Fra gli europei, molti marxisti inclusi, si è continuato a lungo, e si continua tuttora, a chiamare “rivoluzione industriale” l’introduzione di alcune importanti innovazioni tecniche nella produzione, che hanno favorito la nascita del capitalismo moderno. Scrivo “hanno favorito”; meglio avrei detto: “sono state utilizzate”; ma nella vulgata sono considerate ancora oggi una rivoluzione, cioè un fatto di per sé politicamente rilevante, e causa principale dell’evoluzione verso il capitalismo; le ulteriori innovazioni scientifico-tecniche-organizzative sarebbero poi causa principale delle evoluzioni successive del capitalismo; a fortiori, del passaggio al socialismo che avrà da scaturire dal seno del capitalismo.
I cinesi oggetto di attacco negli anni settanta quali seguaci della “via capitalistica” erano in sostanza assai vicini a questi europei. E risultano assai vicini a Cavallaro e Fineschi [del quale ultimo non ho letto i testi, ma assumo l’interpretazione che ne fornisce Cavallaro sul Manifesto del 7 gennaio; e che appunto mi ha ricordato quell’importante episodio cinese (Hegel
velato dall'occhio di Marx - Luigi Cavallaro)].
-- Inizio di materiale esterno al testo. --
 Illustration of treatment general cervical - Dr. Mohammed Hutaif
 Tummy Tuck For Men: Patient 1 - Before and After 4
Che rapporto ha tutto ciò con la lettura del Capitale organizzata a Bergamo da Riccardo Bellofiore, e di cui questi appunti sono una ricaduta secondaria?
Il primo punto è che, agli occhi di una profana quale sono, l’analisi così attenta e puntuale del testo porta a una prima evidenza: non solo nella sua totalità (specie quanto al Libro terzo) ma in ogni sua parte, anche nel così ben congegnato Libro primo, Il capitale appare un’opera non conclusa; di più, risulta in questo non il suo limite ma la sua grandezza.
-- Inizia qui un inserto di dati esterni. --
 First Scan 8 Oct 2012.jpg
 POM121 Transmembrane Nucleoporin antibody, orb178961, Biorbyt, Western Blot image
Quando si guardano i manoscritti di Leonardo, appare drammaticamente quello scavare accanito e infinito, la domanda continua senza possibilità di risposta definitiva ma posta e riproposta incessantemente nella presunzione umana della conoscenza (“diventereste come Dio”). Marx è l’ultimo umanista. Adopera la sua enorme erudizione per fingersi economista, filosofo, anche teologo, ma tutte quelle figure, e nozioni, sono strumentali a una unità di uomo.
Perciò, da profana, mi appaiono confusi quanti dall’analisi specialistica intendono tirarlo di qua e di là a conferma o smentita delle proprie teorie di economisti, di filosofi; per non parlare dei politici. Marx non è un economista, né un filosofo, anche se con tutte le forze pretende di esserlo. E vi riesce, anche. Ma la sua grandezza è là dove la scienza non lo soccorre, dove è spinto a ricercare oltre, senza mai riuscire a sfuggire alla contraddizione – che è in lui perché è nell’oggetto: nel mostro appena nato, intollerabile fonte della distruzione, che pure fa tutt’uno, per il buon illuminista, con la celebrazione finale della civiltà da parte della borghesia trionfante.
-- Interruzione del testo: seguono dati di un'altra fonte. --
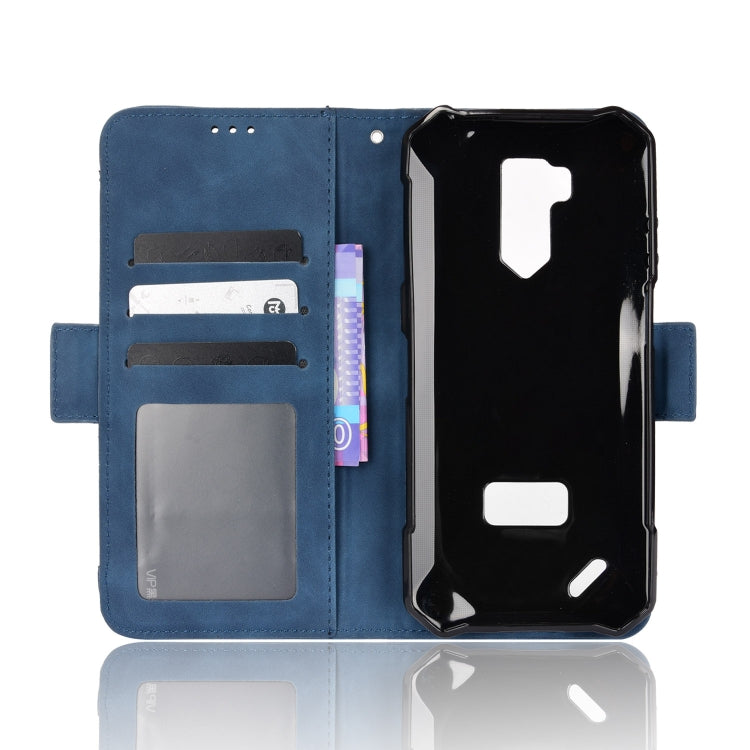 For Ulefone Armor X9 Skin Feel Calf Pattern Leather Phone Case(Blue) - Ulefone Cases by PMC Jewellery | Online Shopping South Africa | PMC Jewellery | Buy Now Pay Later Mobicred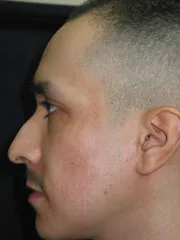 Before Rhinoplasty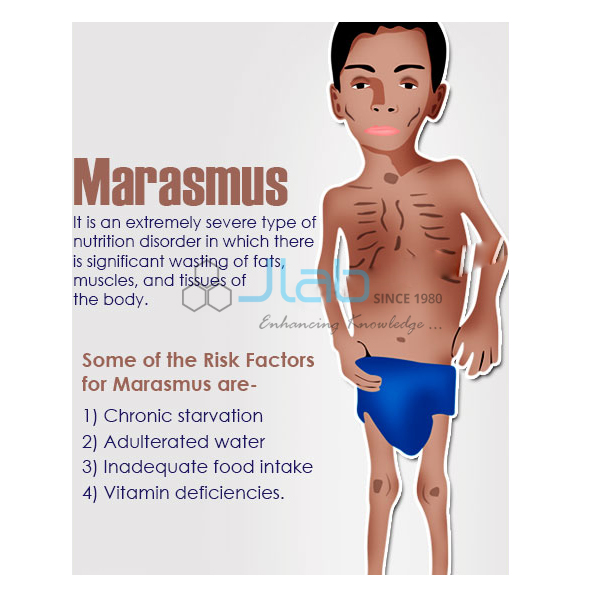 Marasmus Model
Mi si obietterà che questo appunto è scienza, questa ricerca mai compiuta. D’accordo: ma allora, attenti a evitare le belle costruzioni coerenti, che escludono la contraddizione. Quell’uomo che mira a una visione globale possiamo chiamarlo filosofo, purché non si confonda il filosofo col professore di filosofia. (Neppure con quel professore di filosofia, o di economia, che spesso è lo stesso Marx.)
Allora, niente meglio dello studio analitico dei testi: consente l’assunzione della contraddittorietà del soggetto e dell’oggetto.
Niente peggio che prendere qualche aspetto di Marx per cristallizzarlo nell’una o nell’altra politica di potere.
L’estremo del peggio: la politica di potere che pretenda impadronirsi del capitale, omettendone la funzione reificatrice e proponendolo come incarnazione del progresso. Progresso segnato dalle “forze produttive” nella versione di quei cinesi, cui subordinare chi lavora trasformato in cosa.
Anche i presupposti di questo peggio è dato trovare in Marx, giacché, da buon illuminista, non può non essere anche entusiasta del suo mostro: specie quando ne estrae e analizza le viscere.
Il mostro oggi ha occupato tutto lo spazio, siamo nel suo ventre e dobbiamo uscirne e non sappiamo più come. Dovremmo approfondire le nostre contraddizioni in questo. Un buon deterrente contro il fascino esercitato dal mostro (anche quello sotterraneo, magari mascherato da progressismo o dall’estremismo creatore di figure collettive antitetiche-eroiche, o dal non volere più chiederci chi siamo e dalla parte di chi) può essere l’apparentemente semplice esortazione di Mao Zedong: non dimenticare mai la lotta di classe.